Your objective:
Search the data below for lines that include the word "Japanese" and state how many there are, nothing else.
☆ ☆ ☆ ☆ ☆ ☆ ☆
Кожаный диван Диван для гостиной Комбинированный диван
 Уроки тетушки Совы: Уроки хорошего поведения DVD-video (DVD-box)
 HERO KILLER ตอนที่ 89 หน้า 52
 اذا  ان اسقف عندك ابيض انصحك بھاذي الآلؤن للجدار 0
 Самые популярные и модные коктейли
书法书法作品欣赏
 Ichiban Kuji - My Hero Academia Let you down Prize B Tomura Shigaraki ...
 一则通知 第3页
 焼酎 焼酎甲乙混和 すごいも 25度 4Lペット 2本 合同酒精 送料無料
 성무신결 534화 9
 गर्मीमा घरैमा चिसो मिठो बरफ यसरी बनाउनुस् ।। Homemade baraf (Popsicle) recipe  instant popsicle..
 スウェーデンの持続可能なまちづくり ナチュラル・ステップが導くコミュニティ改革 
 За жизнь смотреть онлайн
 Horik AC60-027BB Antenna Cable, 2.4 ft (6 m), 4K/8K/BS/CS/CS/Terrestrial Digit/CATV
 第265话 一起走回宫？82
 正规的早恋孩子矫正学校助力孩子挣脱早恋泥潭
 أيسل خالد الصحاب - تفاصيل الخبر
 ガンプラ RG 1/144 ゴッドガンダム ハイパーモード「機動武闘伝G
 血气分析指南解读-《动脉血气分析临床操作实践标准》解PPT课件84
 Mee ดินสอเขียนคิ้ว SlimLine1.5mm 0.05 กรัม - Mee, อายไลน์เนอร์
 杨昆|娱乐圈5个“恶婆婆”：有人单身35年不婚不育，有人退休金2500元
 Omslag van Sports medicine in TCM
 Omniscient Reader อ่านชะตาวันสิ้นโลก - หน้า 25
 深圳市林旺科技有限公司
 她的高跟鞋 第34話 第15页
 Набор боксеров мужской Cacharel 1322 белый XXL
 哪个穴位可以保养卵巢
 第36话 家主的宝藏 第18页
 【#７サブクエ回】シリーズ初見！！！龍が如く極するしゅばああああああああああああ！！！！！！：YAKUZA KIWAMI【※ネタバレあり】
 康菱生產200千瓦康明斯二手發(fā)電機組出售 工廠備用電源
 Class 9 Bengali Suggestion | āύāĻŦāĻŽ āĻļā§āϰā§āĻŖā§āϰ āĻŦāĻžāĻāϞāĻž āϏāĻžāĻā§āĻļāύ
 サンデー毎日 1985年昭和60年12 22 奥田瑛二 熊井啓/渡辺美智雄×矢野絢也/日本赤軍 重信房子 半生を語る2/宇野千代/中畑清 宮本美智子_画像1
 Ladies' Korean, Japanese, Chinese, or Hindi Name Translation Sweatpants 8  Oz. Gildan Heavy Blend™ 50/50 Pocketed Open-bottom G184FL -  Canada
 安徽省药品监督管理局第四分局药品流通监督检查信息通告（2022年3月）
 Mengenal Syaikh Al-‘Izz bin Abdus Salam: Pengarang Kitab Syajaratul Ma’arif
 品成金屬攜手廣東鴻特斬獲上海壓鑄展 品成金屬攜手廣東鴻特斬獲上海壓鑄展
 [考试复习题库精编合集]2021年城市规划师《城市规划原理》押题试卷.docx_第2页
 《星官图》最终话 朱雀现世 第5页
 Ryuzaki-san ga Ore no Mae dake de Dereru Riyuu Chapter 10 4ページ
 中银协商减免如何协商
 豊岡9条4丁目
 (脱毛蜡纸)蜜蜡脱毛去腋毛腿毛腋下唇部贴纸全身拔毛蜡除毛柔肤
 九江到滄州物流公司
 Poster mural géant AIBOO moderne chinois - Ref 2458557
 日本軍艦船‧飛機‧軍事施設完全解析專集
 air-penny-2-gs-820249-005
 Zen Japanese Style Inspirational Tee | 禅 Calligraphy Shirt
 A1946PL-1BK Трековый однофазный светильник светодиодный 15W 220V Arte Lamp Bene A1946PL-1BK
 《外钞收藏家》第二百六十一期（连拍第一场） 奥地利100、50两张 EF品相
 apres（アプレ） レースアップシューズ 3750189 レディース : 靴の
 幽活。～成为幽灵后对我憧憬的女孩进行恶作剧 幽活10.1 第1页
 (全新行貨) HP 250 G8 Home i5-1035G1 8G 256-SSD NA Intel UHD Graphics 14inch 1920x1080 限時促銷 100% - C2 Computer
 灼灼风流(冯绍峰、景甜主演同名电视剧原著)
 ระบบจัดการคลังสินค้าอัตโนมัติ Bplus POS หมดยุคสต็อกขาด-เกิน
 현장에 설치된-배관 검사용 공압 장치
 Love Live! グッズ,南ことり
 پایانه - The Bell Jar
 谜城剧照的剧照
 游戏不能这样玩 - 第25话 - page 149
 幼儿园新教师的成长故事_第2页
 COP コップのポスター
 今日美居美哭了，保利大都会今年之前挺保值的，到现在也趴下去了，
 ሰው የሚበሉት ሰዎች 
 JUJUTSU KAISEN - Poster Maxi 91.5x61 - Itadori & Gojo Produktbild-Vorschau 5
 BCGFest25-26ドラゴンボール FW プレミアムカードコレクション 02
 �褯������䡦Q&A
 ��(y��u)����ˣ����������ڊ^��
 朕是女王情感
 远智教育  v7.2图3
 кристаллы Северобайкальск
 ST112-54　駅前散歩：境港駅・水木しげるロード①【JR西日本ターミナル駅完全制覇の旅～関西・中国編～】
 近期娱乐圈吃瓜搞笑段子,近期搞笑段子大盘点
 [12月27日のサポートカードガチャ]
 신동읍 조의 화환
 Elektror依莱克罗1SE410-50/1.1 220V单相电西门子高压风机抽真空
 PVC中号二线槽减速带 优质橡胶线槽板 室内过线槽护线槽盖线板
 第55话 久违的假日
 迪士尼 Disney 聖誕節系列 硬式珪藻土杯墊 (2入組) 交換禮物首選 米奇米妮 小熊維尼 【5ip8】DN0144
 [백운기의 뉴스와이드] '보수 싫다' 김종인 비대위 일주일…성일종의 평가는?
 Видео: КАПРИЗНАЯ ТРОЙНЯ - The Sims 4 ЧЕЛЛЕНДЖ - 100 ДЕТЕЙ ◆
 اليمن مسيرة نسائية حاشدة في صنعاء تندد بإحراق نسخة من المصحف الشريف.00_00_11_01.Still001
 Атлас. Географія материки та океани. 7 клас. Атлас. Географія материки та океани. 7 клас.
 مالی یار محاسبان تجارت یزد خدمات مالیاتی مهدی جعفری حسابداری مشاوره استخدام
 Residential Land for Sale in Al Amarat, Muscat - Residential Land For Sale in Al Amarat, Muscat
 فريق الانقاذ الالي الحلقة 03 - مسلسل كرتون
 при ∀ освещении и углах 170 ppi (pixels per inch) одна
☆ ☆ ☆ ☆ ☆ ☆ ☆
Output for this exercise:
2